(Beginning of DATA)
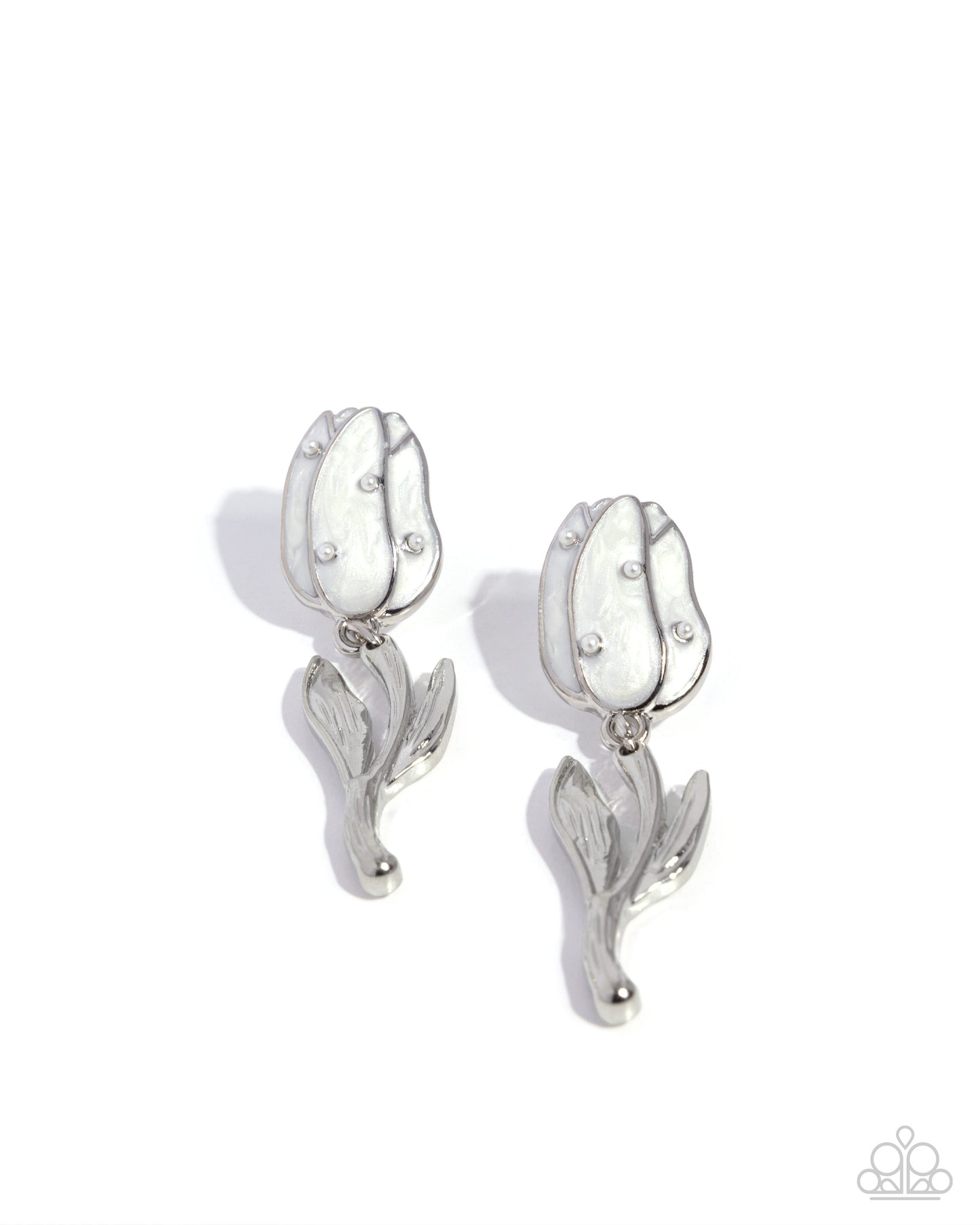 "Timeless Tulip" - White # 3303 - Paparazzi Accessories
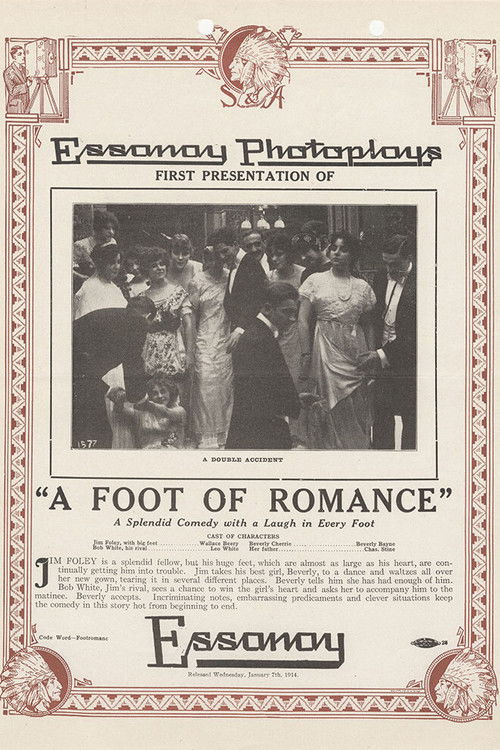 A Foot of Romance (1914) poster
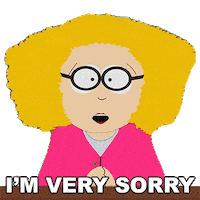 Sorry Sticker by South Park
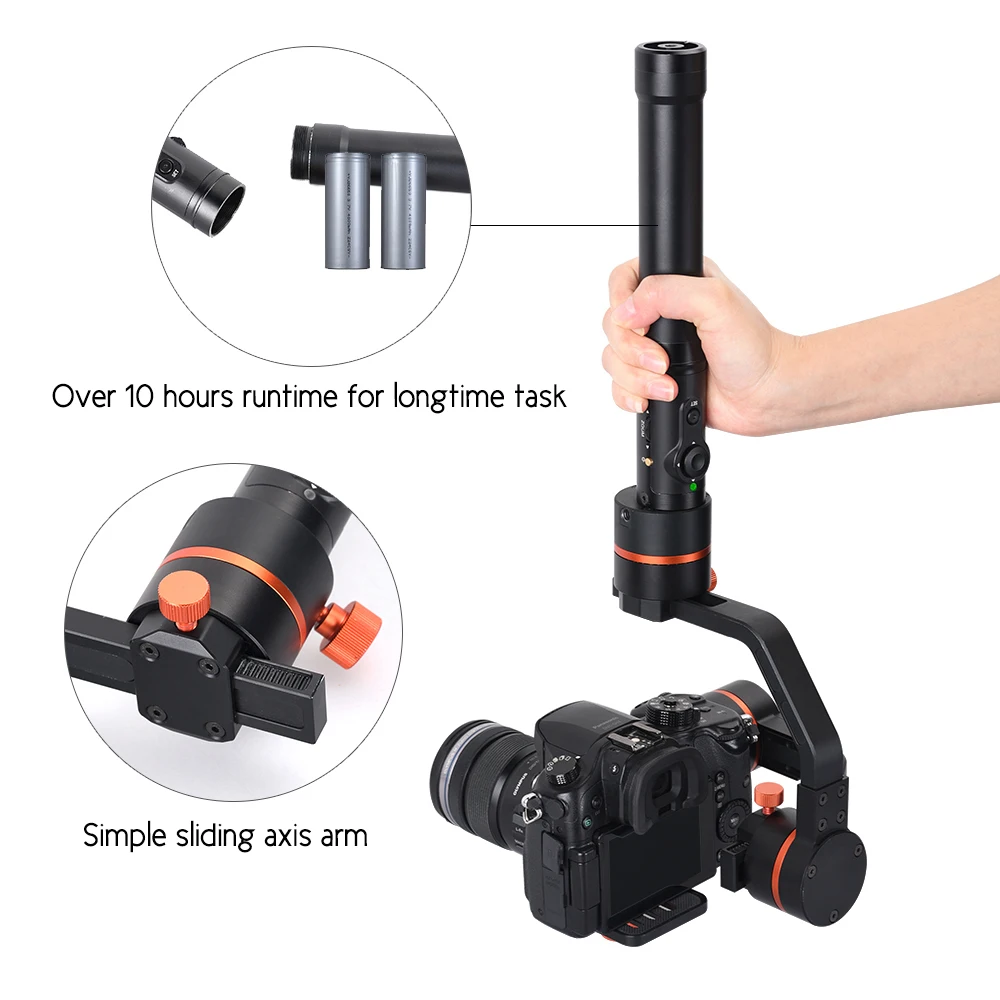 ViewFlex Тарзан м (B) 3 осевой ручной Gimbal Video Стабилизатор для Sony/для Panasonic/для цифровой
(End of DATA)
§ THE PROBLEM
Reproduce the material exactly. Pictures stay out.

§ ANSWER AREA
 "Timeless Tulip" - White # 3303 - Paparazzi Accessories
 A Foot of Romance (1914) poster
 Sorry Sticker by South Park
 ViewFlex Тарзан м (B) 3 осевой ручной Gimbal Video Стабилизатор для Sony/для Panasonic/для цифровой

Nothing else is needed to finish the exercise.